Extracted records:
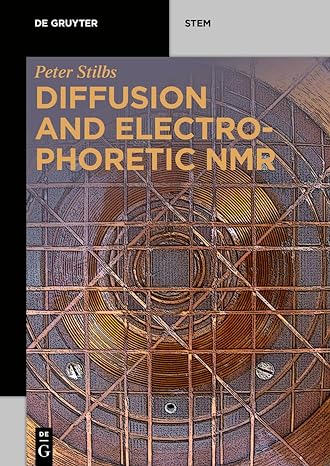 diffusion and electrophoretic nmr 1st edition peter stilbs 3110551527, 978-3110551525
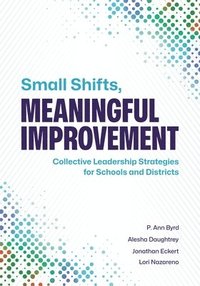bokomslag Small Shifts, Meaningful Improvement: Collective Leadership Strategies for Schools and Districts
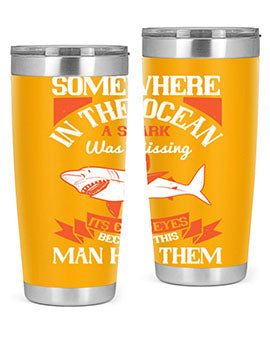 Somewhere in the ocean a shark was missing its cold eyes because this man had them Style 20#- shark  fish- Tumbler
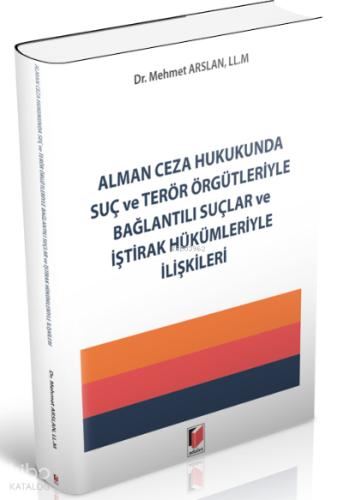 Alman Ceza Hukukunda Suç ve Terör Örgütleriyle Bağlantılı Suçlar ve İştirak Hükümleriyle İlişkileri Mehmet Arslan 10 İndirim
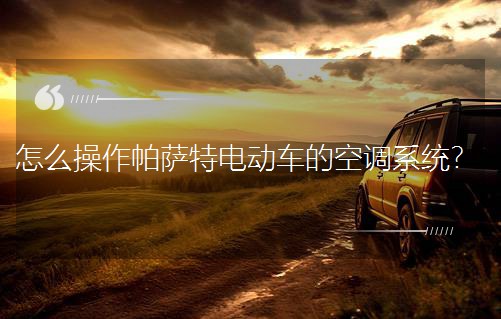 怎么操作帕萨特电动车的空调系统？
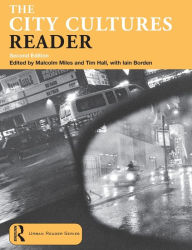 Title: The City Cultures Reader / Edition 2, Author: Iain Borden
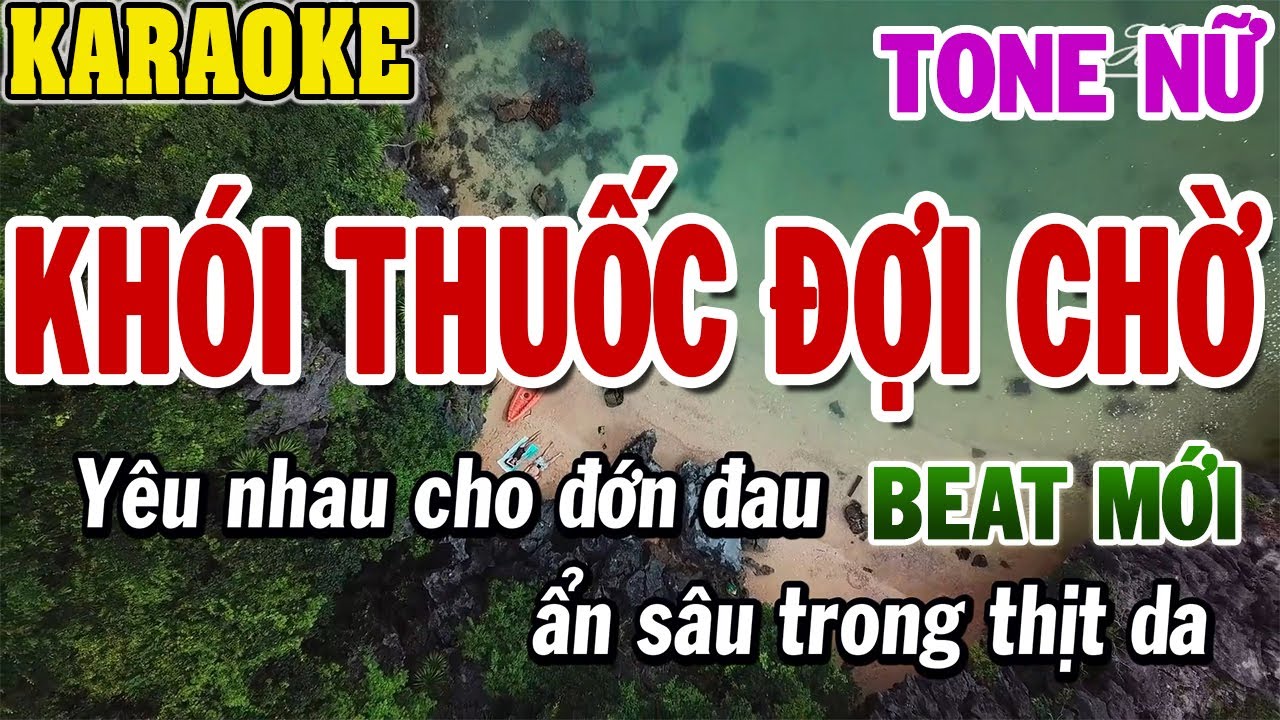 Karaoke Khói Thuốc Đợi Chờ Tone Nữ | Karaoke Beat | 84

### Aim of the task
The entries are to be restated word for word, and no picture should appear in the copy.

### Output of the task
 diffusion and electrophoretic nmr 1st edition peter stilbs 3110551527, 978-3110551525
bokomslag Small Shifts, Meaningful Improvement: Collective Leadership Strategies for Schools and Districts
 Somewhere in the ocean a shark was missing its cold eyes because this man had them Style 20#- shark  fish- Tumbler
 Alman Ceza Hukukunda Suç ve Terör Örgütleriyle Bağlantılı Suçlar ve İştirak Hükümleriyle İlişkileri Mehmet Arslan 10 İndirim
 怎么操作帕萨特电动车的空调系统？
 Title: The City Cultures Reader / Edition 2, Author: Iain Borden
 Karaoke Khói Thuốc Đợi Chờ Tone Nữ | Karaoke Beat | 84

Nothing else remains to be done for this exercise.